![[LeetCode] #283](https://cdn.hashnode.com/res/hashnode/image/upload/v1740673776973/3dcadb87-1ec9-41fc-83fd-3bb84ce0bf2f.png?w=1600&h=840&fit=crop&crop=entropy&auto=compress,format&format=webp)
In this article, we are going to look at how to solve the LeetCode Question 283, Move Zeroes.
Problem Statement
Given an integer array
nums, move all0's to the end of it while maintaining the relative order of the non-zero elements.Note that you must do this in-place without making a copy of the array.
# Example 1 Input: nums = [0,1,0,3,12] Output: [1,3,12,0,0]# Example 2 Input: nums = [0] Output: [0]
Approach
Looking at the examples given by LeetCode, we can see that this is a problem we can solve using two pointers. Initially we need to create two pointers, left and right at 0 and 1 indexes respectively. Then we move the right pointer to check for non-zero elements. And when we found a non-zero element, we need to swap it with the left pointer and then move both the pointers by one.
But this is only true when the initial left pointer element’s value is 0. If the value is a non-zero, then we might be swapping non-zero values. To ensure that is not happening, we are moving the left pointer by 1, whenever the value of it is a non-zero value.

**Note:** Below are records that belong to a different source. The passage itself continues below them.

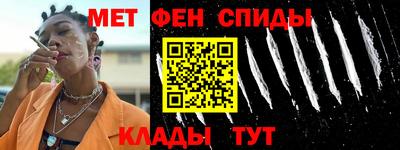 дмт Сланцы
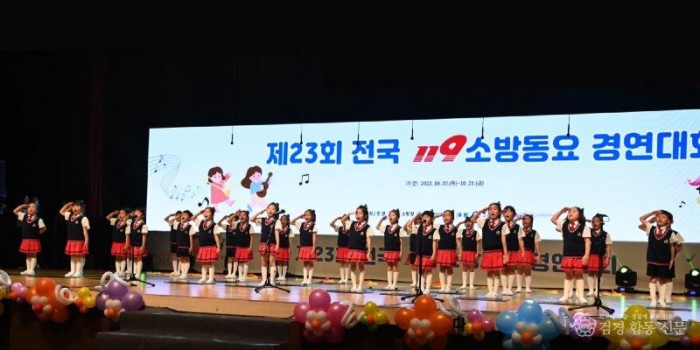 221024-1소방동요대회금상.jpg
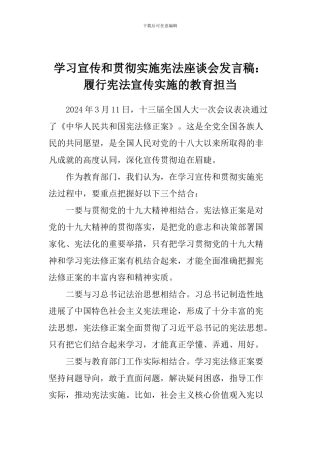 学习宣传和贯彻实施宪法座谈会发言稿：履行宪法宣传实施的教育担当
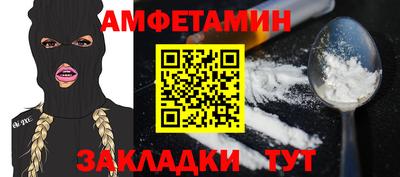 стаф Новозыбков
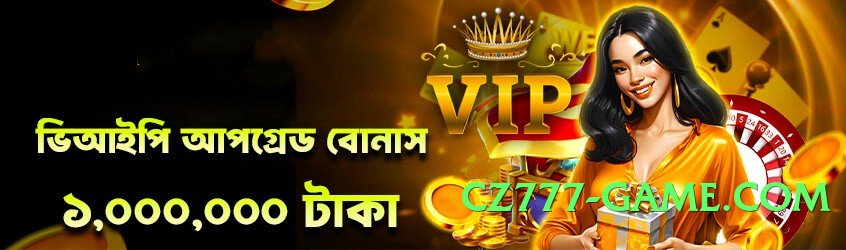 tojaybet v5.0.6 Screenshot 3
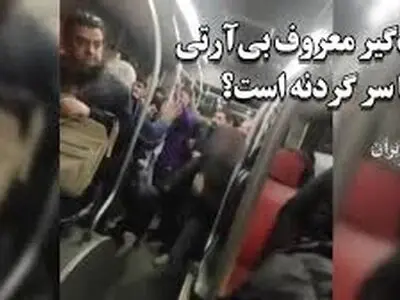 کتک خوردن مردم در BRT در پی شناسایی جیب‌بر + فیلم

And also, we can just return the array if the length of the array is less than 2.
Solution
class Solution {
public void moveZeroes(int[] nums) {
int n = nums.length;
if(n < 2) return;
int left = 0, right = 1;
while(right < n){
if(nums[left] != 0){
left++;
right++;
} else if(nums[right] == 0){
right++;
} else {
int temp = nums[right];
nums[right] = nums[left];
nums[left] = temp;
}
}
}
}
Since we are not using any additional spaces in memory for this solution, the space complexity of this algorithm is O(1).
The time complexity of this algorithm is, O(n) because of the condition if(right < n) . Because that implies that the right pointer is accessing all the elements in the array.